■ **Aim of the exercise**: Make an exact transcription of the data below.

*** Opening Dataset extract ***

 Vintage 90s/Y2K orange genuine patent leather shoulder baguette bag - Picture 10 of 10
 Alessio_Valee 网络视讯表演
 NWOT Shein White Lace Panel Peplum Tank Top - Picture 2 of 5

*** Closing Dataset extract ***

■ **Exercise answer**:
 Vintage 90s/Y2K orange genuine patent leather shoulder baguette bag - Picture 10 of 10
 Alessio_Valee 网络视讯表演
 NWOT Shein White Lace Panel Peplum Tank Top - Picture 2 of 5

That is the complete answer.